What Is Marketing and Why Is It Important?
Marketing is a business practice that involves identifying, predicting and meeting customer needs. Effective marketing strategies help businesses isolate how best to serve their client base, while maximizing revenue at the same time. In business-to-consumer (B2C) marketing, marketing efforts are directed toward consumers. In business-to-business (B2B) marketing, marketing efforts are directed toward other businesses.
In both B2C and B2B efforts, there are several important factors to consider when developing a marketing strategy. More specifically, savvy marketers will evaluate:
- Orientation — Marketing orientation refers to the guiding principles of the business itself, often referred to as business philosophy or corporate culture. Typically, organizations will decide to orient around product, sales, production or marketing.
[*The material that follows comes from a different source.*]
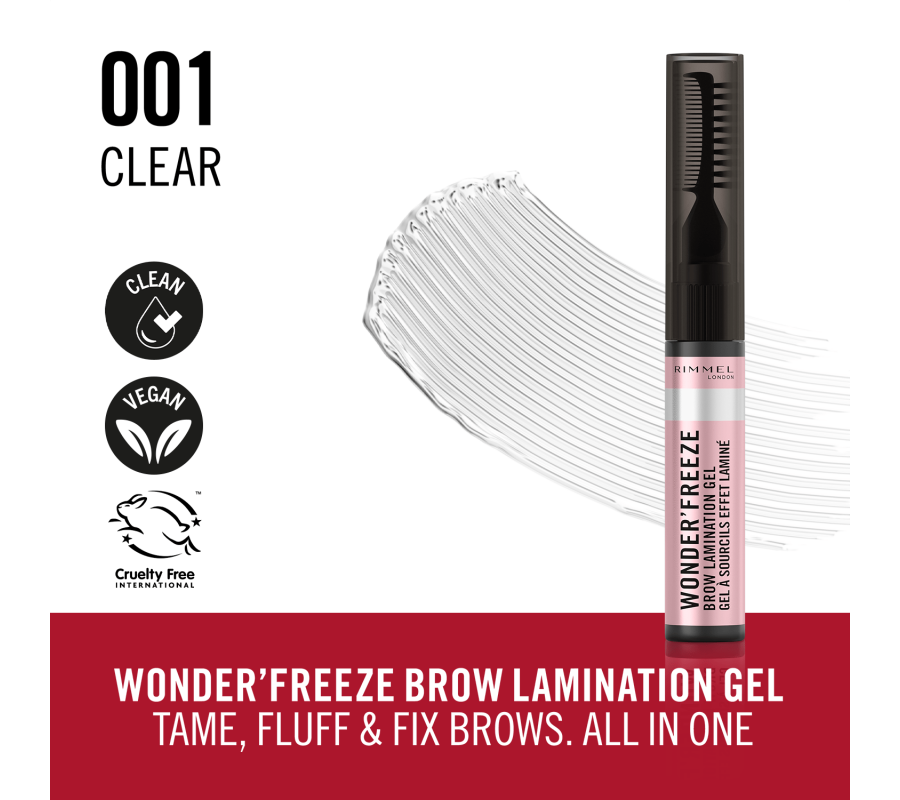 Гель для ламінування брів Wonder'Freeze Brow Lamination Gel Rimmel London (Clear), 6 г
- Mix — The marketing mix functions as a decision-making guide for a company’s marketing efforts. A modern marketing mix will usually focus on the four Cs: client/customer, cost, convenience and communication.
- Environment — The marketing environment refers to every factor that could impact a company in the execution of marketing strategy or decision-making. In this vein, companies should consider the internal environment within their organization. External factors—such as macro and micro environments—are also important to consider.
- Market — The target market refers to the characteristics of a company’s ideal client case. Research and segmentation efforts can help isolate the geographic and demographic factors that will help a company market and sell its products or services.
After a careful evaluation of the orientation, mix, environment and market, it is possible to assess the costs and benefits of various marketing methods and strategies. This part of the planning process is vitally important, as there are many different ways a business can engage in marketing efforts.
What Are Several Common Types of Marketing?
Traditionally, marketing efforts relied upon four different channels to connect with customers: print, mail, TV and telephone. Businesses could engage any or all of these four channels to deliver corporate messaging and enhance branding efforts. Throughout the 20th century, the dominant marketing approach revolved around print and broadcast media combined with effective messaging and advertising.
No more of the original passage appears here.